Requirement =>
Return the material below exactly, but only from the line with "Тумба подвесная с" through the line with "Lighthouse with the", and without its pictures.

Provided records section start

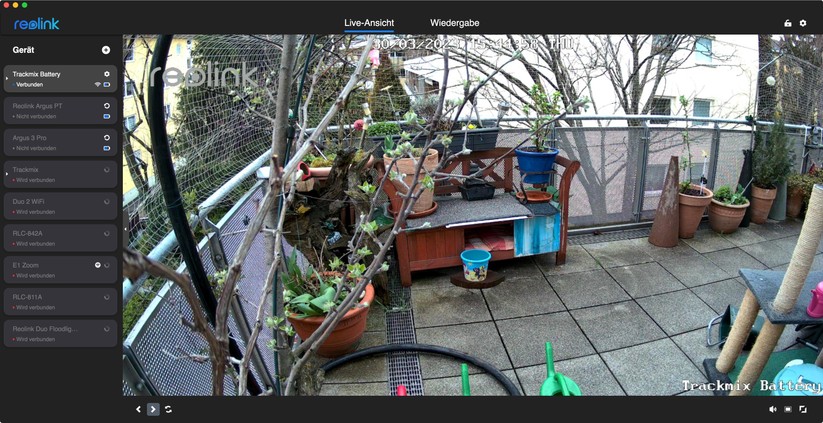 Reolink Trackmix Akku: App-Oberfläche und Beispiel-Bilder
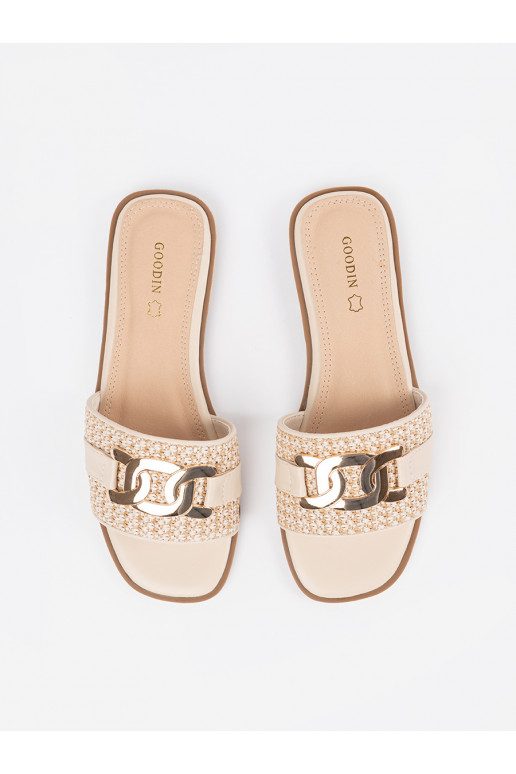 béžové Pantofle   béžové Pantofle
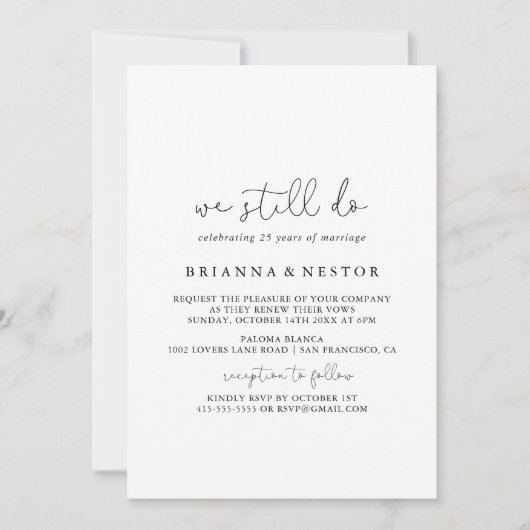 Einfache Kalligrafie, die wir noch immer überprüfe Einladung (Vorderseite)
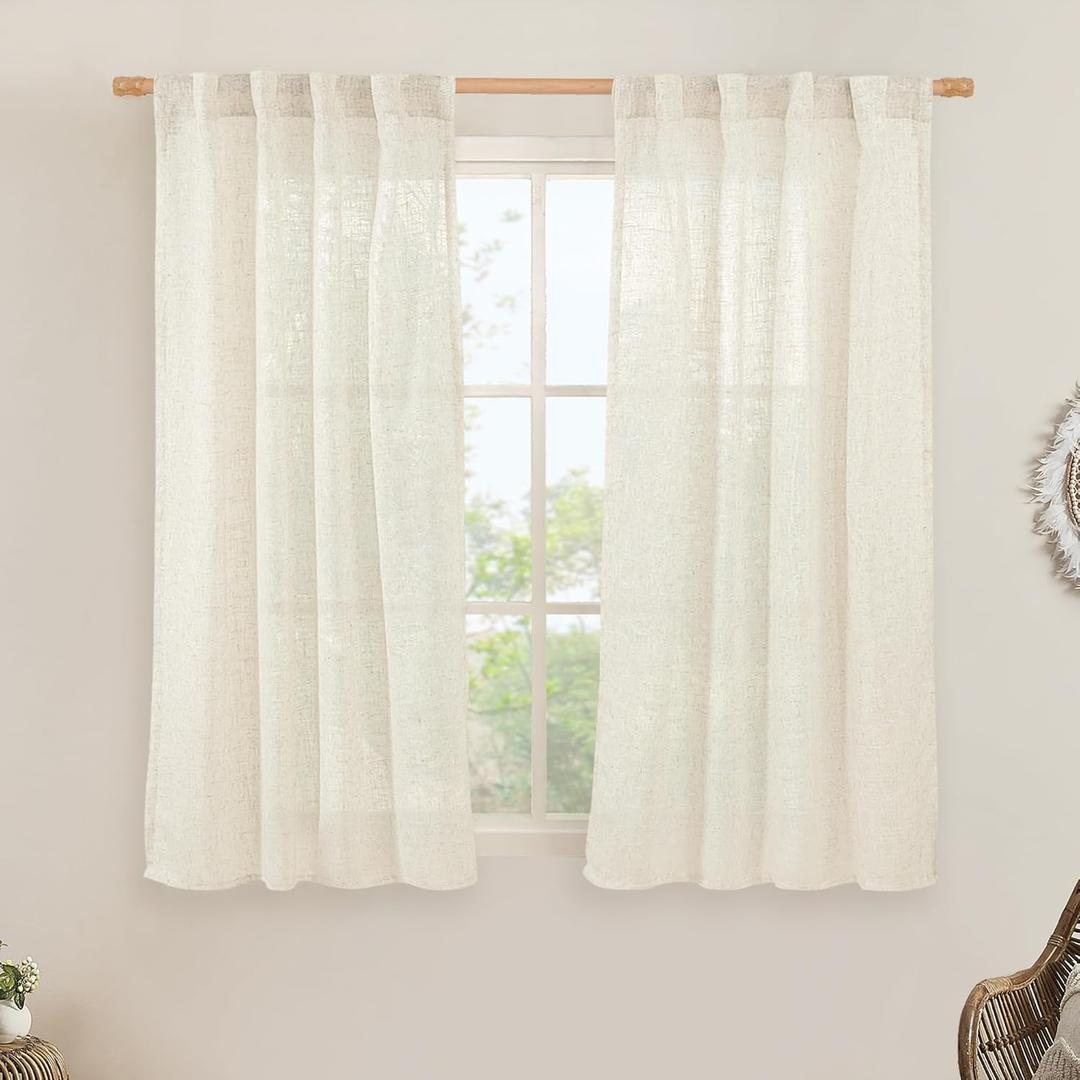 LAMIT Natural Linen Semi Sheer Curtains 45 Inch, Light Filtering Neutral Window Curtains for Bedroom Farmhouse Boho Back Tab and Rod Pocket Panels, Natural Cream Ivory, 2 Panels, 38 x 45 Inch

Provided records section end
Provided records section start

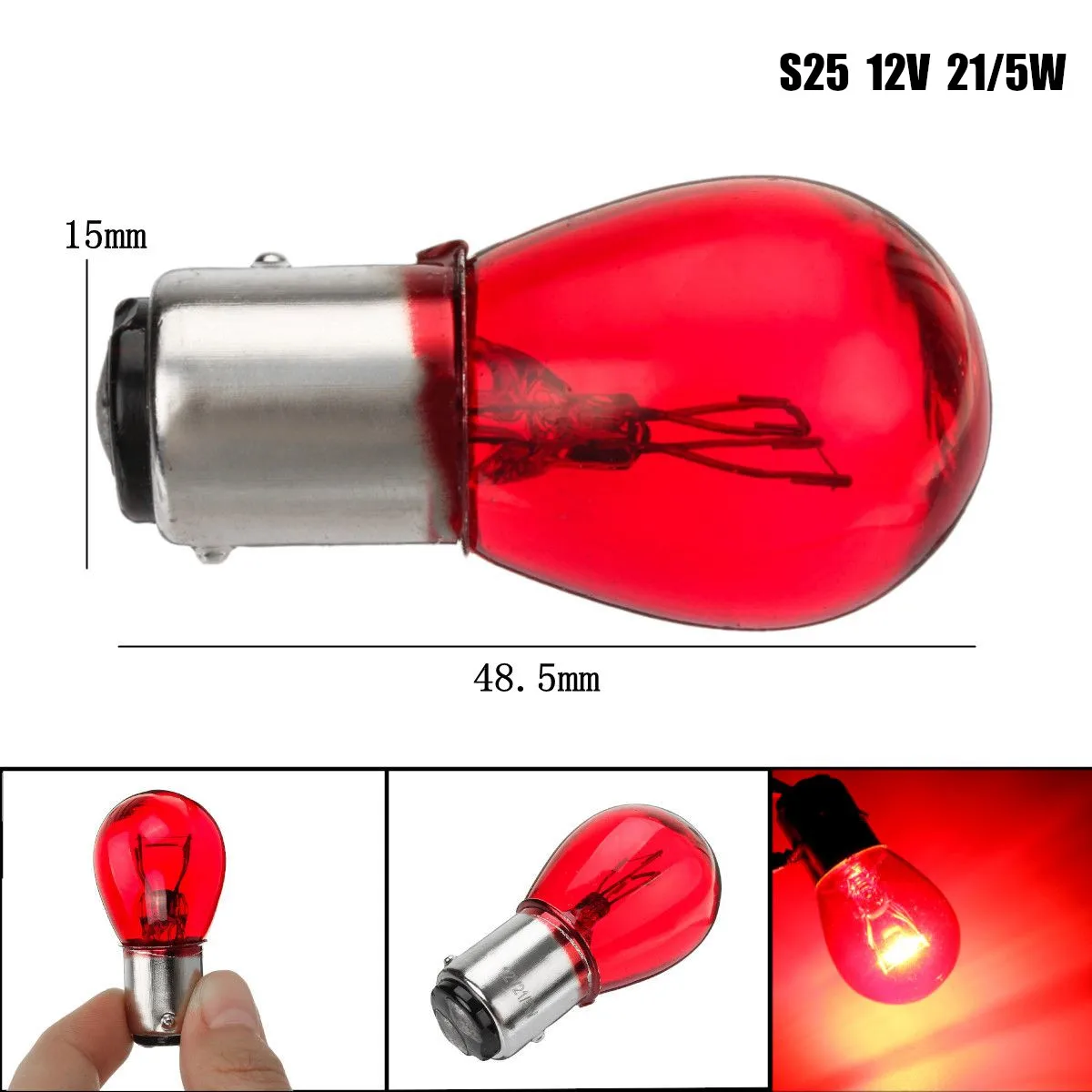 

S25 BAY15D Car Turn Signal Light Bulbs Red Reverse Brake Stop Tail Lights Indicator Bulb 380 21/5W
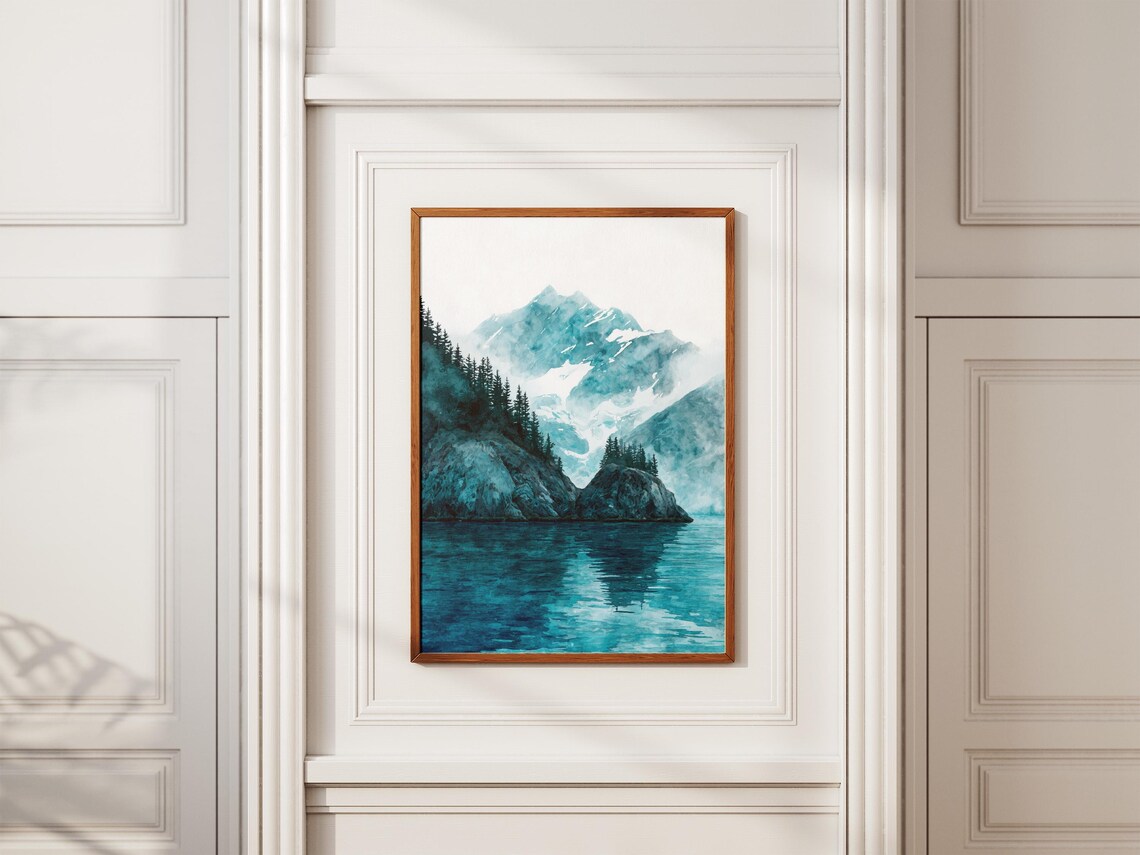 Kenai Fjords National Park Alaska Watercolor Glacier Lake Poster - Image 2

Provided records section end
Provided records section start

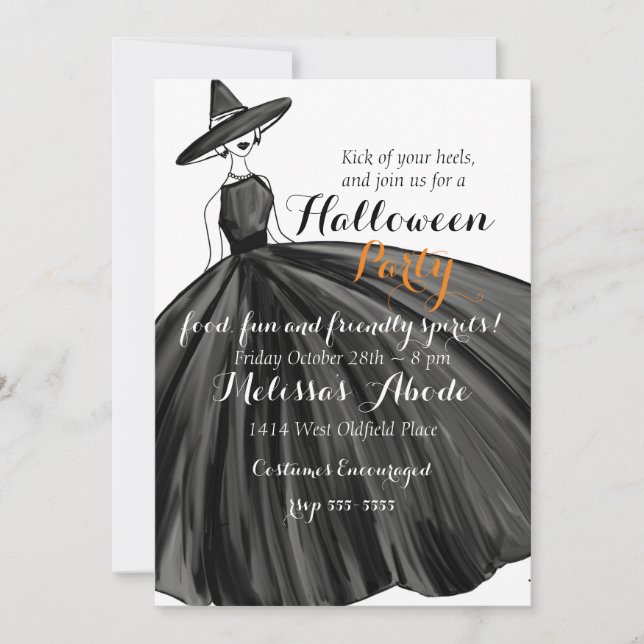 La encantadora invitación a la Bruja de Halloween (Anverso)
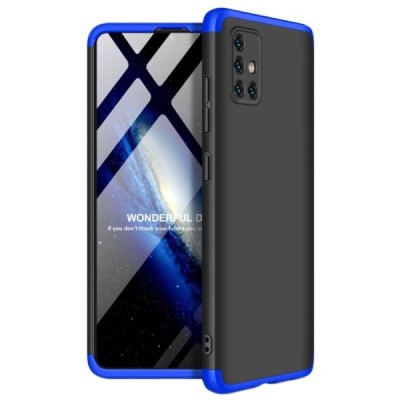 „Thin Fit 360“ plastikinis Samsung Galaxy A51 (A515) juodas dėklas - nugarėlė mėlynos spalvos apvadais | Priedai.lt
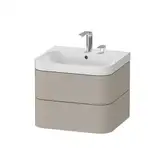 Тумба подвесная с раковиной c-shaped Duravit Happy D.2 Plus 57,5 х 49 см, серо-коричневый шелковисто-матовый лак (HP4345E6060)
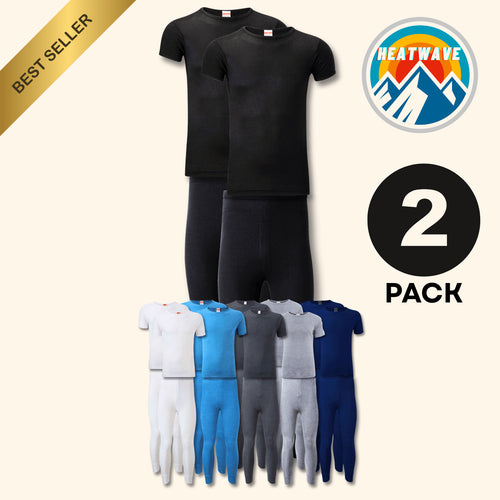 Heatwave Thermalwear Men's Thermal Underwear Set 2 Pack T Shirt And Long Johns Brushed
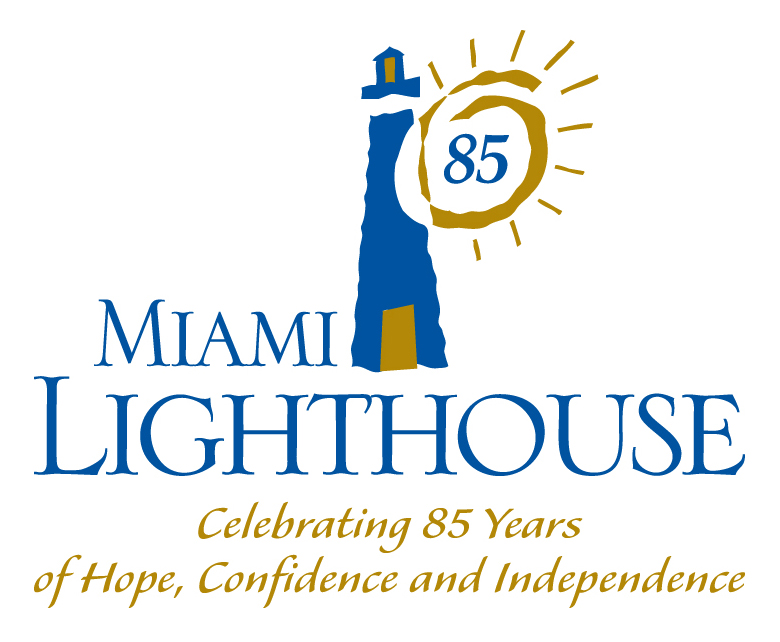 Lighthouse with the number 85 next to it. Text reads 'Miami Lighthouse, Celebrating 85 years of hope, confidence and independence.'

Provided records section end

Finished task =>
 Тумба подвесная с раковиной c-shaped Duravit Happy D.2 Plus 57,5 х 49 см, серо-коричневый шелковисто-матовый лак (HP4345E6060)
 Heatwave Thermalwear Men's Thermal Underwear Set 2 Pack T Shirt And Long Johns Brushed
 Lighthouse with the number 85 next to it. Text reads 'Miami Lighthouse, Celebrating 85 years of hope, confidence and independence.'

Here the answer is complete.